Repeat exactly the lines that begin at the one containing "Lichtblauwe IKEA Fauteuil" and end at the final line of the records; include no pictures and nothing else.

EXTRACTED INFORMATION:
=== Section Start ===
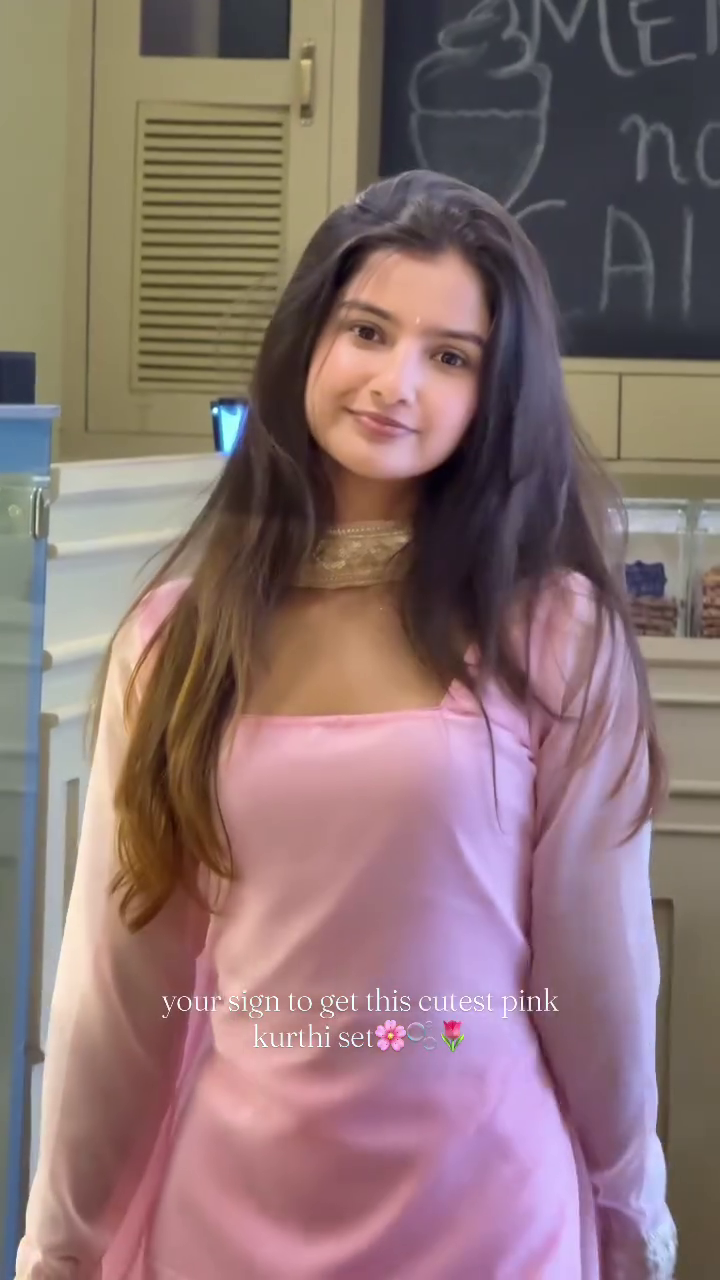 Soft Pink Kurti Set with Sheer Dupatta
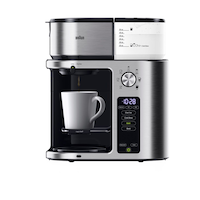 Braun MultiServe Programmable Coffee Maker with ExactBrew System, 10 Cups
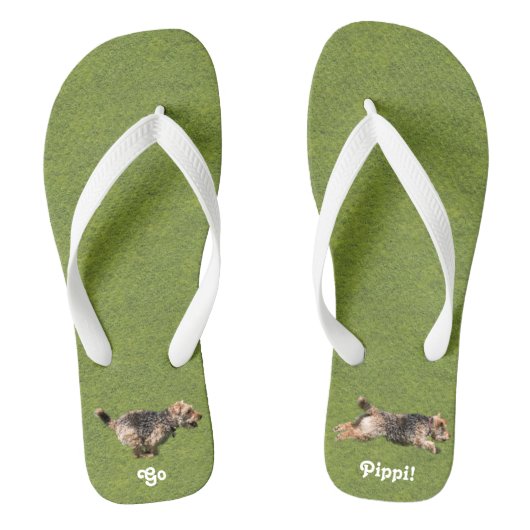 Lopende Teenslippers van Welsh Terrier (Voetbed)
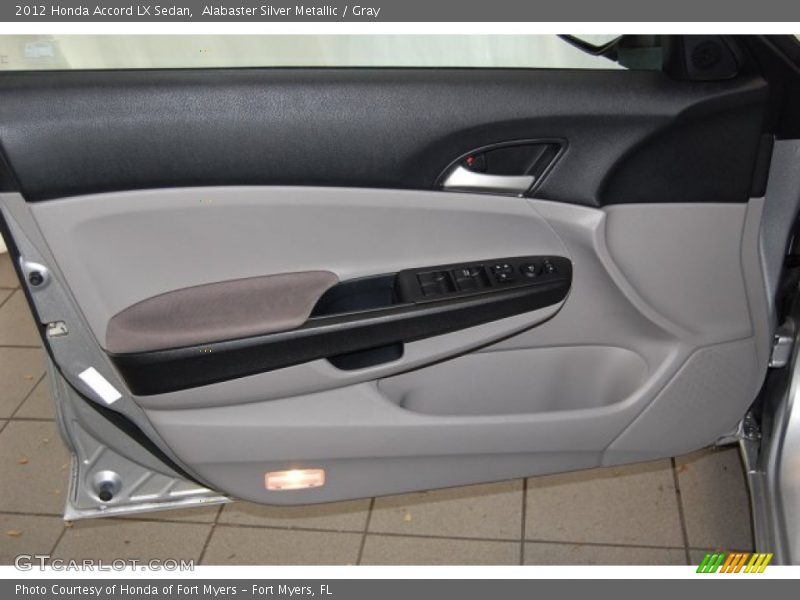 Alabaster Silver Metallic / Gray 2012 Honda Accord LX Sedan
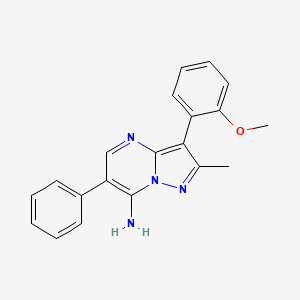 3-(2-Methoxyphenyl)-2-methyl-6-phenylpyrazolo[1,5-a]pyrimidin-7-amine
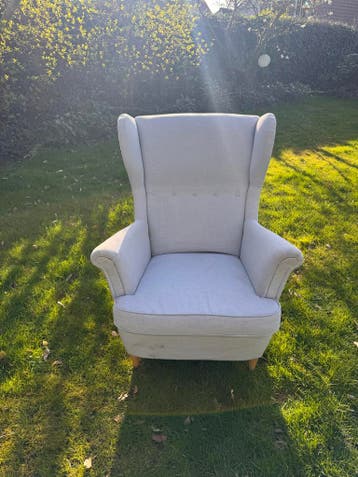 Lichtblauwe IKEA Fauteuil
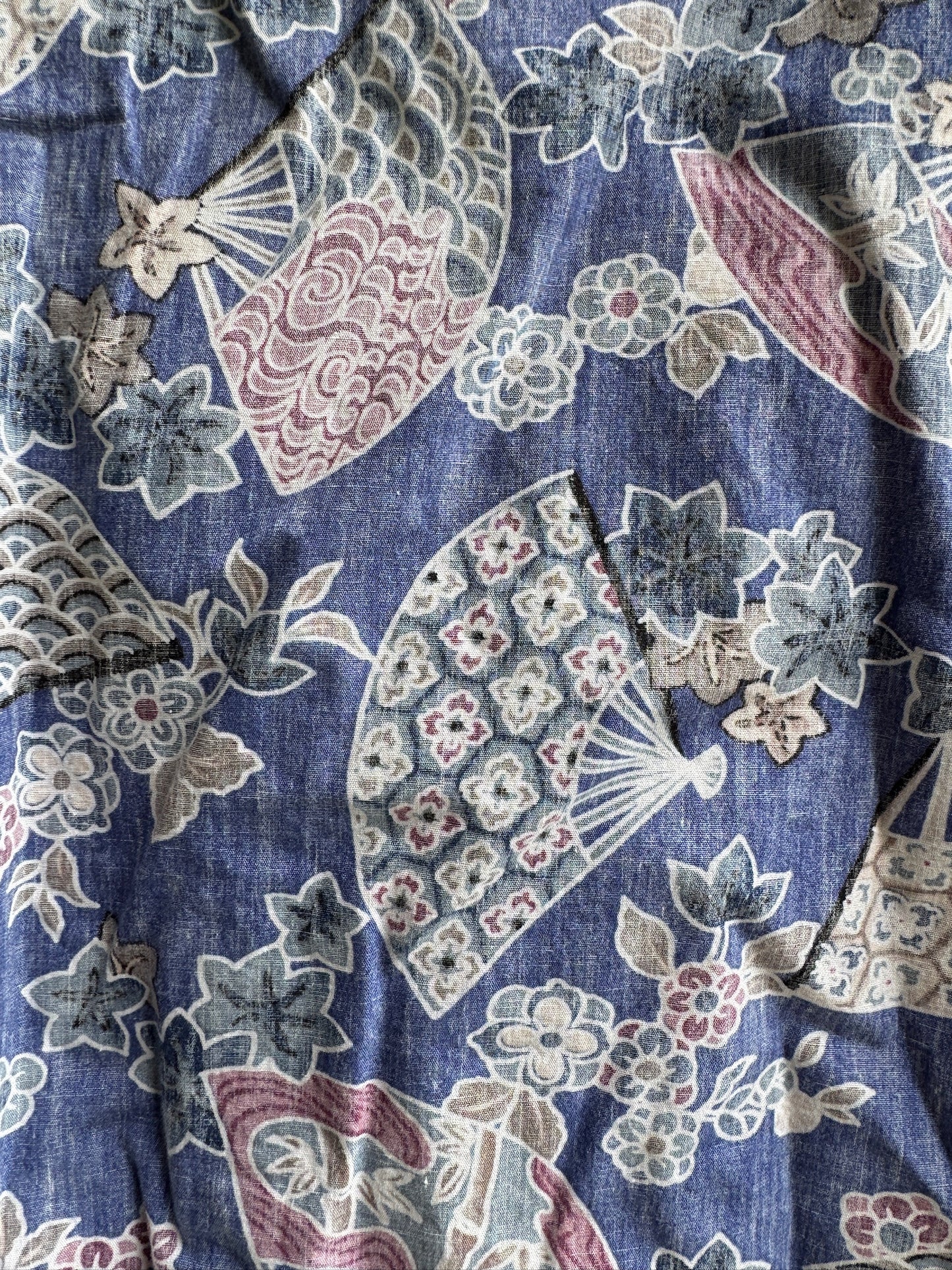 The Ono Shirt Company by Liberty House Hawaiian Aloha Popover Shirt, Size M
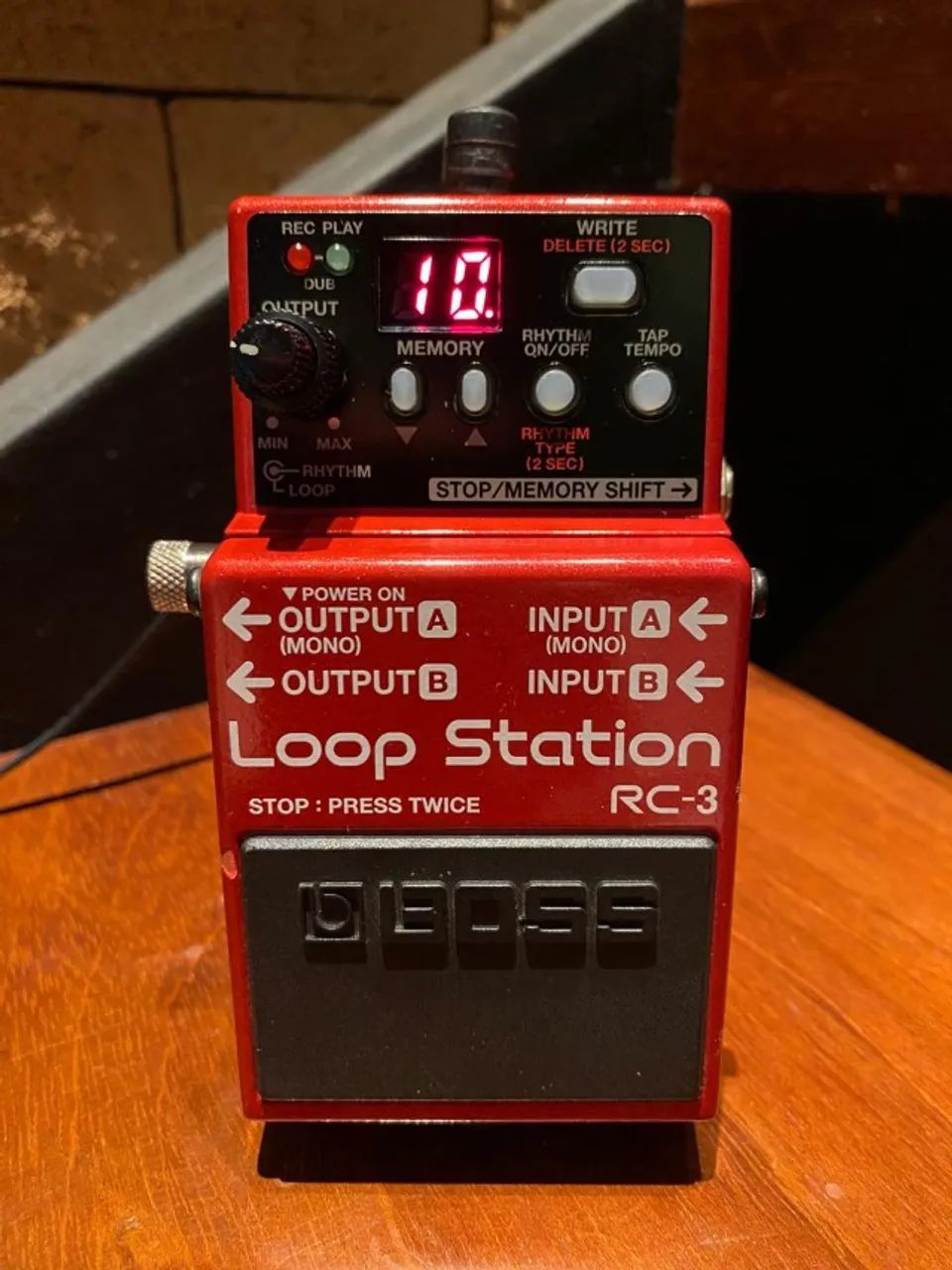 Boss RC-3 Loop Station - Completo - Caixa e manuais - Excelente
=== Section End ===
TASK RESPONSE:
 Lichtblauwe IKEA Fauteuil
 The Ono Shirt Company by Liberty House Hawaiian Aloha Popover Shirt, Size M
 Boss RC-3 Loop Station - Completo - Caixa e manuais - Excelente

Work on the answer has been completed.